WHAT YOU NEED TO DO.
Your job is to print the listing exactly.

GIVEN MATERIAL.
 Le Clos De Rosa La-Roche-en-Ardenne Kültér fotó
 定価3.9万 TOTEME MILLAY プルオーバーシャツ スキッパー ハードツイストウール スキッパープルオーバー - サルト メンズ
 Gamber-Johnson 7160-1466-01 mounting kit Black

PROBLEM SOLUTION.
 Le Clos De Rosa La-Roche-en-Ardenne Kültér fotó
 定価3.9万 TOTEME MILLAY プルオーバーシャツ スキッパー ハードツイストウール スキッパープルオーバー - サルト メンズ
 Gamber-Johnson 7160-1466-01 mounting kit Black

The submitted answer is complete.